Moving the Workshop
It’s moving time again. Every two years it seems like. It’s been fifteen years since starting this latest framing experience. I started picture framing in 1982. More of a chop and join situation, running several shops and store fronts with my mom and brother.
After a short stint working for a few other framing companies, I realized I wanted to paint more, so retiring from framing I went home and began to paint. Then the first show comes along and I needed frames. Of course there was no way to afford them. I built them in my garage, and then the night of the show was a success. At least, I think everyone loved the frames. I started getting calls the next day from artists asking if I would make them frames. Being just out of the starting gate on selling paintings I needed the cash, so I agreed.
After a few posts on Facebook by these artists, sharing their paintings in my frames, I was back in the framing world.
I am not even sure the year I started sharing shop space with Michael Graham, but I believe it has been about eight years or so. I met Michael at our local church where we served together in the youth program. I remember stopping by one day at his home, and there in the front yard a couple of high schoolers were sanding away on some custom made furniture on his lawn while he was spraying and staining the rest of the furniture on his driveway. I had to laugh because I had just left my house where the fifteen frames I had just clayed were drying in my front yard. I felt sorry for both our neighbors.
A year later we found ourselves in a shop together, but we remained separate companies. He was building a variety of things, and building some frames when I got too busy with the framing. I was growing fast at the time, with the plein air movement and the academic movement both gaining strength. I couldn't handle the growth so Mike learned to do frames, which was a natural step, his wife Heather being a painter. We both grew and moved and grew and moved again, always being separate businesses—Mike as Masterworks, and I always just kept my name.

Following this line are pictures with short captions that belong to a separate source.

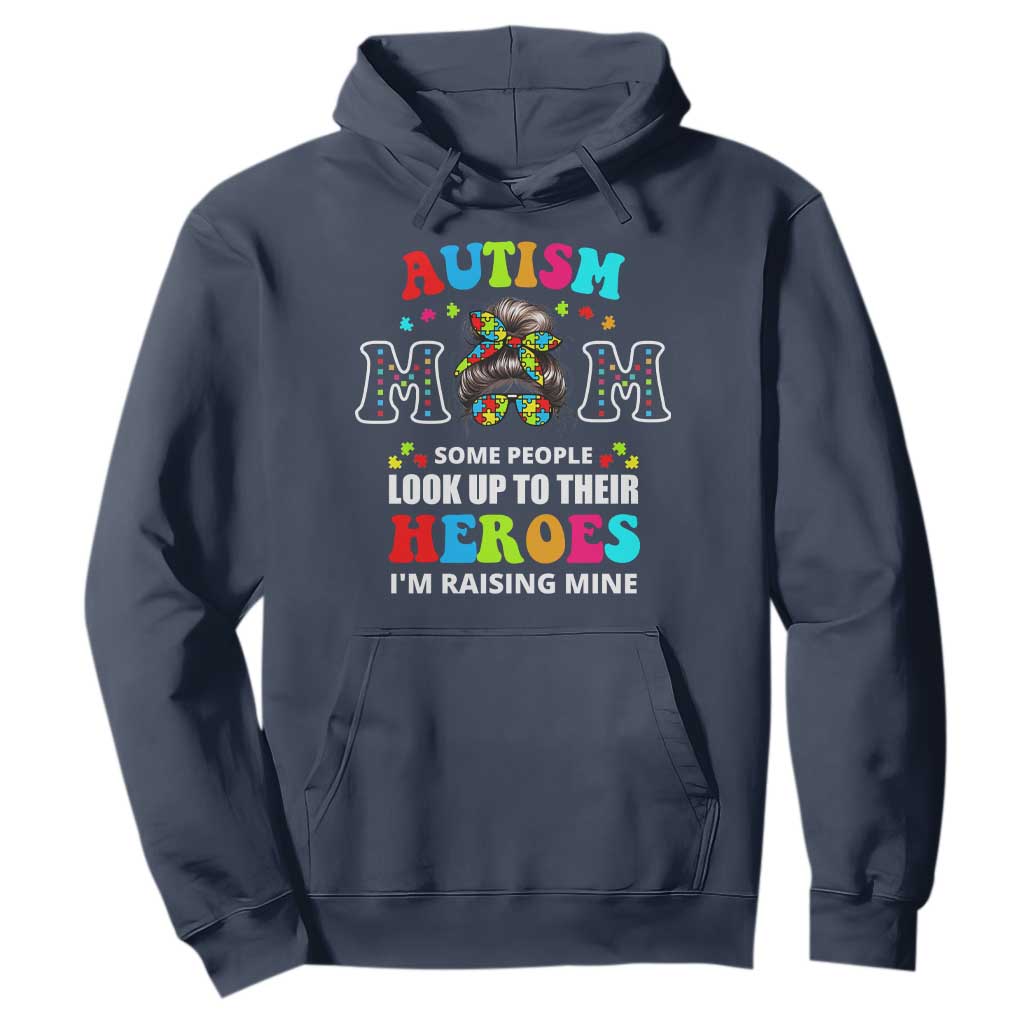 Autism Mom Hoodie Raising Hero Messy Bun Autism Support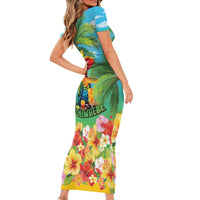 Always 5 O'clock Short Sleeve Bodycon Dress Hawaiian Tropical Parrot LT9 - Polynesian Pride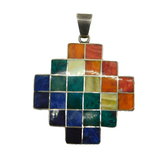 Taxco Mexican Sterling Silver Colourful Hardstone Set Drop Pendant Vintage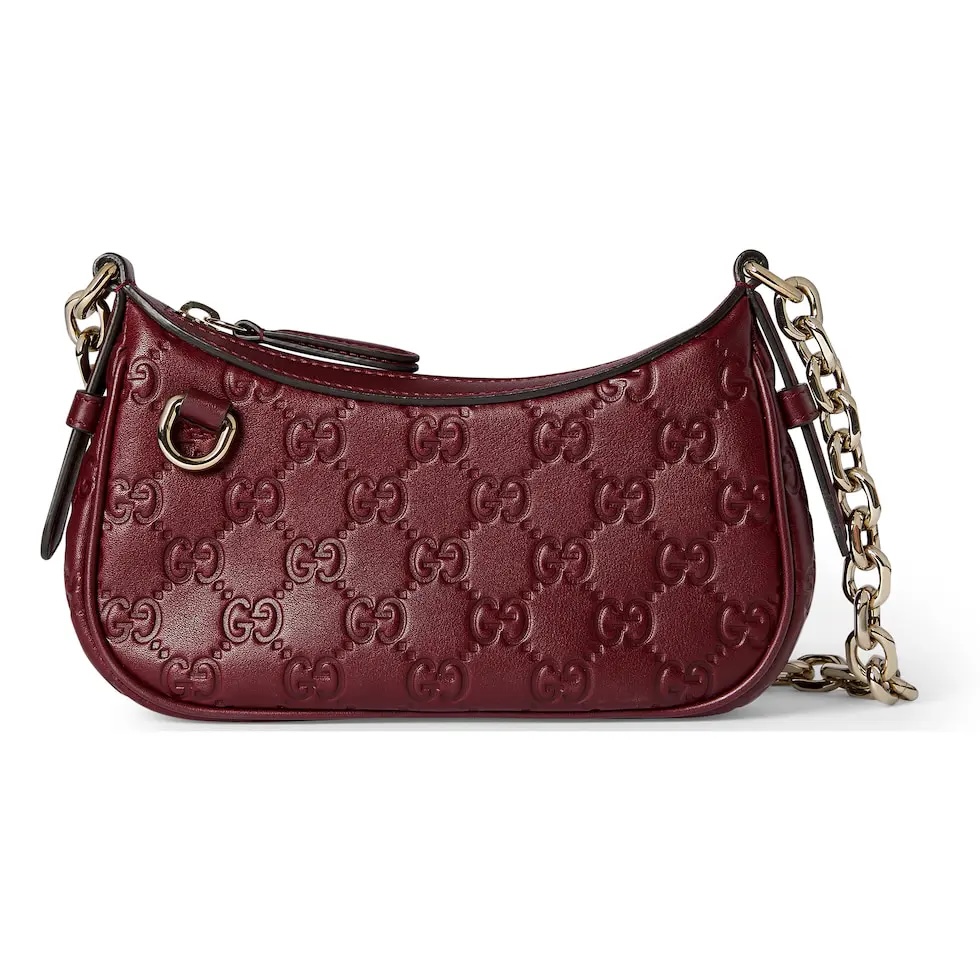Gucci Emblem Small Shoulder Bag Rosso Ancora Leather with Chain Strap 2 i1755855791714 5546 0 0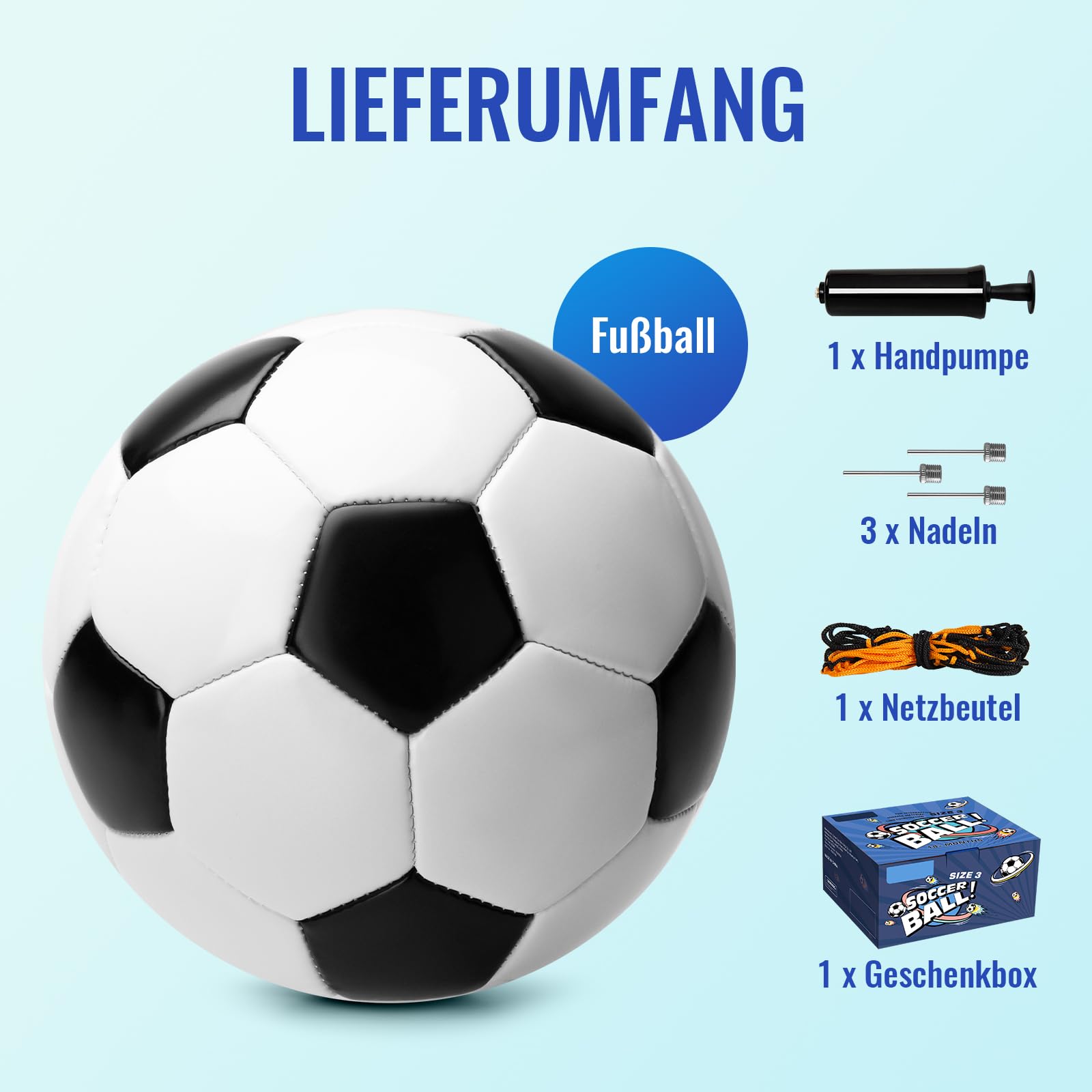 U&C Planet Fußball Größe 3 für Kinder mit Pumpe und Netz - klassisch schwarz weiß, ideal als Outdoor Spielzeug, Geschenk für Jungen und Mädchen ab 3 Jahren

But it's time we separate shops, which brings up the question, “Oh no, are you still friends?” Of course. It’s just the right time to separate our shop spaces. We still could do projects together and rely on each other when needed, but with separate shop spaces it will be good to see where we can go without the influence of the other. So, nothing really changed. If you’re wondering, I am still friends with Mike and support Masterworks, and all the great work they do. Both of us are excited to explore where this will take us.